* Task description *
Please reproduce all of the data below exactly, leaving each picture out.

* Recorded information *
--- START ---

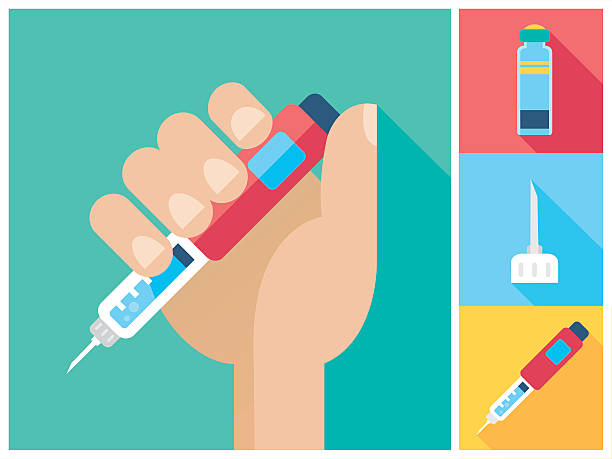 ilustrações de stock, clip art, desenhos animados e ícones de diabetes conjunto de ícones-mão a segurar a caneta de insulina - insulin diabetes pen injecting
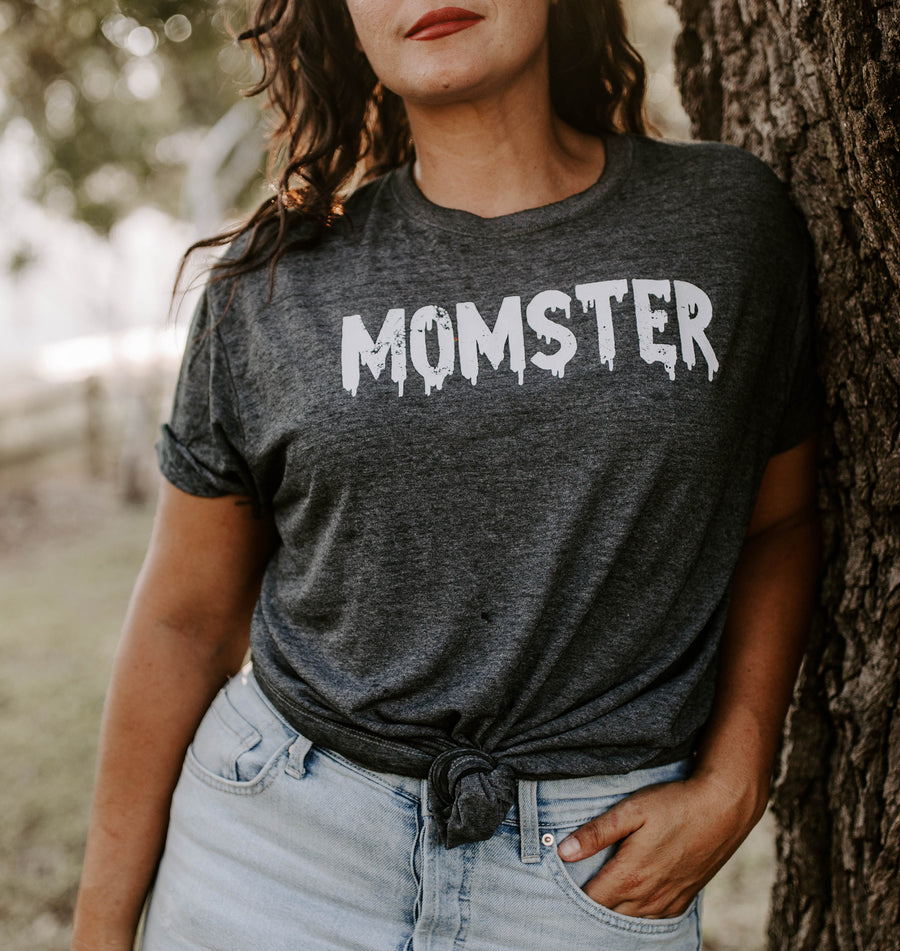 Momster Shirt (Black Acid Wash), Funny Halloween Mom Shirt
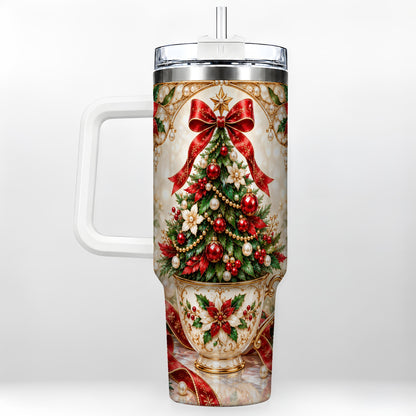 Christmas Tree 40oz Tumbler with Handle, Holiday Floral Design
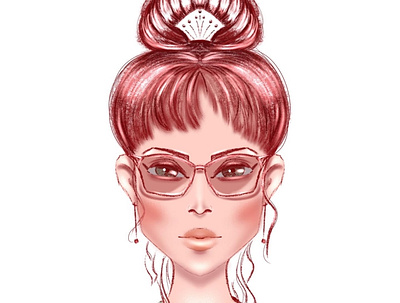 Girl design drawing girl glass happy illustration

--- END ---

* Reply *
 ilustrações de stock, clip art, desenhos animados e ícones de diabetes conjunto de ícones-mão a segurar a caneta de insulina - insulin diabetes pen injecting
 Momster Shirt (Black Acid Wash), Funny Halloween Mom Shirt
 Christmas Tree 40oz Tumbler with Handle, Holiday Floral Design
 Girl design drawing girl glass happy illustration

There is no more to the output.